Dynamic Programming (Haskell, Hofstader M/F sequence)

First of all, you can pattern-match in a top-level binding. Usually it doesn't mean much interesting is going on, but if you want to share local helpers between two top-level bindings, it can help.

m2 :: Int -> Int
f2 :: Int -> Int
(m2, f2) = (gom, gof)
  where
    gof 0 = 1
    gof i = i - ms !! ( fs !! (i-1) )
    gom 0 = 0
    gom i = i - fs !! ( ms !! (i-1) )
    fs = map gof [0..]
    ms = map gom [0..]

You'll note there's one other trick in there. Instead of bounding the lists fs and ms to their maximum size, I just let laziness handle bounding them. The lists won't be created past where they're needed to memoize earlier results.

But list indexing is O(n). Getting rid of even some of it can be a significant speedup. If you look at the pattern of recursion along the same function, you'll see that gom i always calls gom (i-1), and the same with gof. You can use that to remove list indexing on those lookups by just passing along the previous value. Unfortunately, the same doesn't apply with the calls to the opposite function, as they don't follow so easily. But it's still removing a big amount of work. And it can be done in such a way as to utilize laziness even further:

m3, f3 :: Int -> Int
(m3, f3) = ((ms !!), (fs !!))
  where
    (ms, fs) = unzip pairs
    pairs = (0, 1) : zipWith iter [1..] pairs
    iter i (mp, fp) = (i - fs !! mp, i - ms !! fp)

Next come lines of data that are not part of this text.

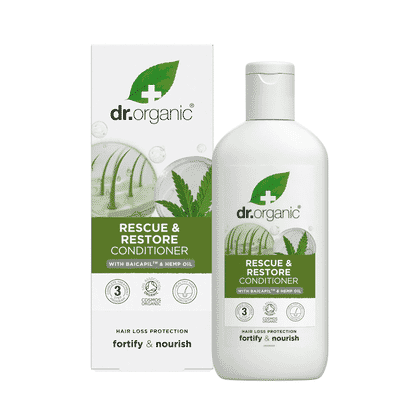 Rescue & Restore Conditioner 265ml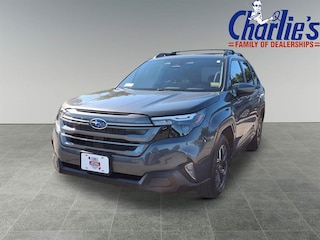 2025 Subaru Forester Premium SUV
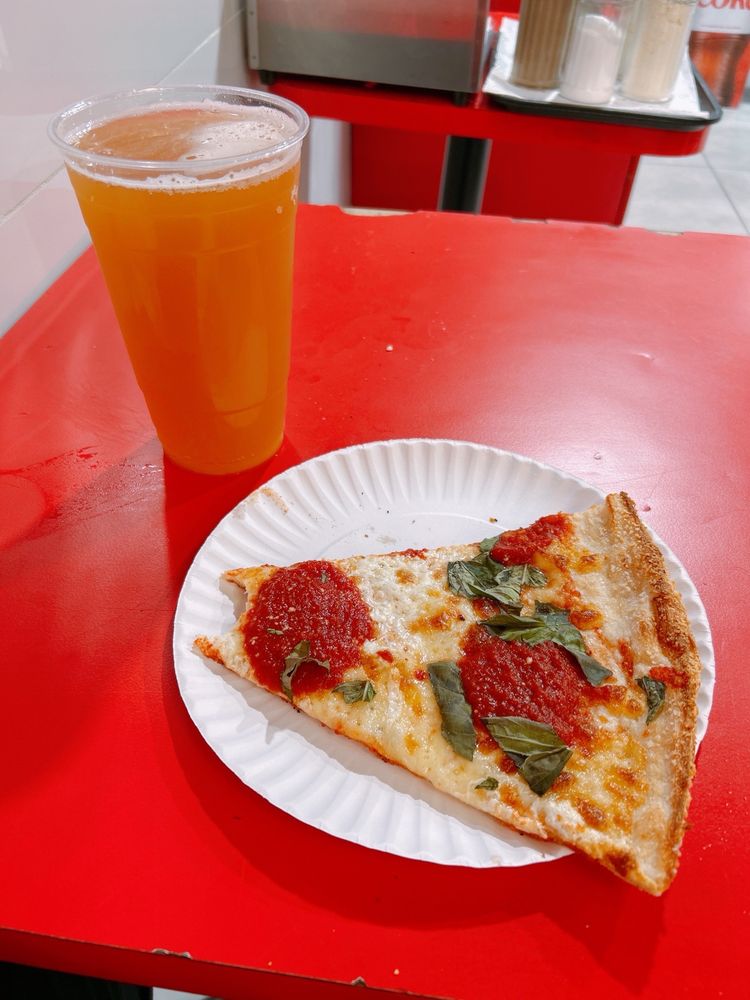 LITTLE ITALY PIZZA - Updated August 2025 - 90 Photos & 76 Reviews - 671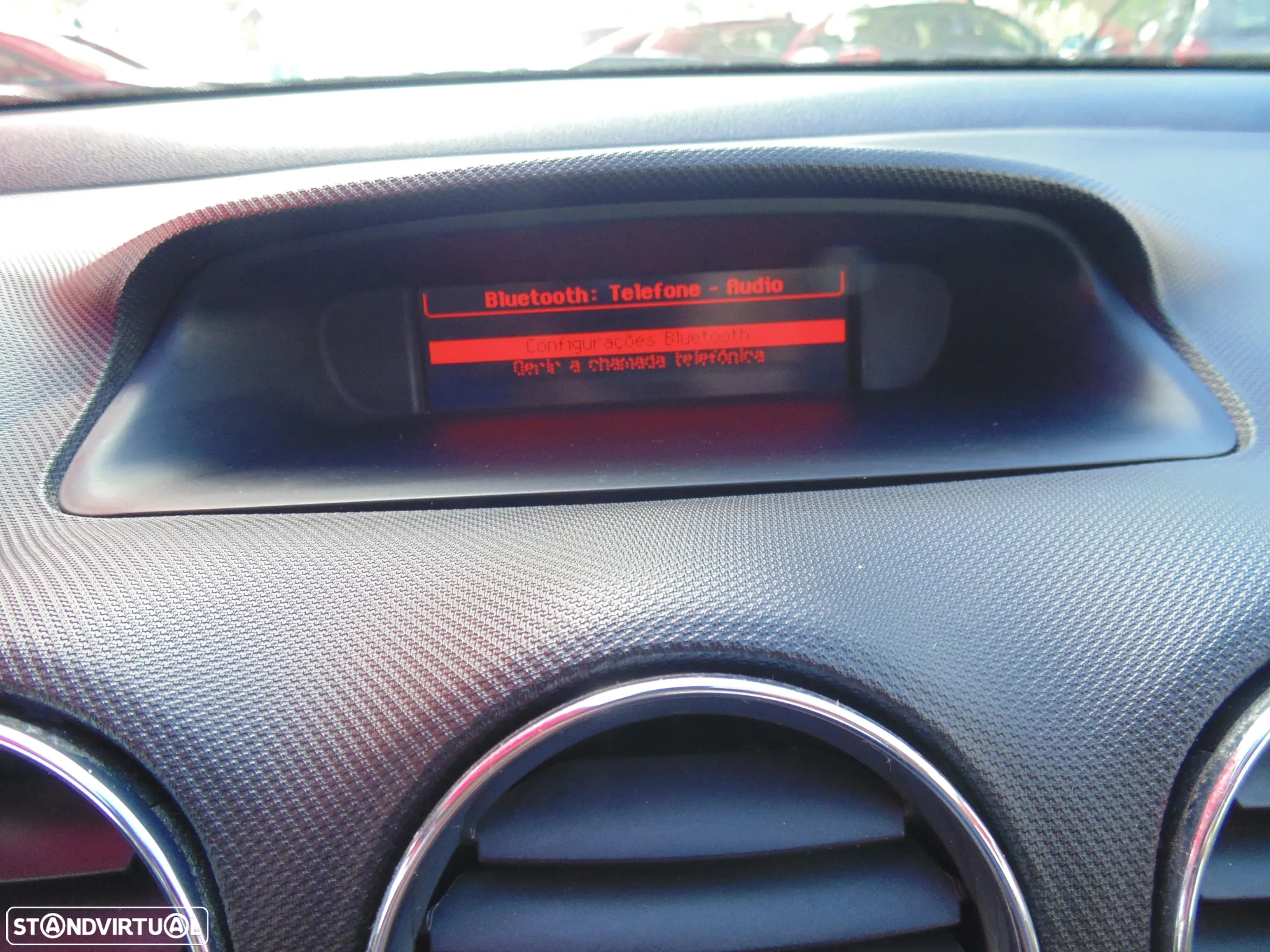 Peugeot 308 1.6 HDi Executive - 25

The recursive helper functions have been replaced with simultaneous lazy creation of both result lists. This pattern differs from standard recursion in that it doesn't need a base case to reach, and it requires some sort of guard against trying to immediately find a base case before the complete answer can be provided. This pattern is known as co-recursion. (Or corecursion if I'm typing lazily.) Same idea, but it produces the answer in the opposite direction.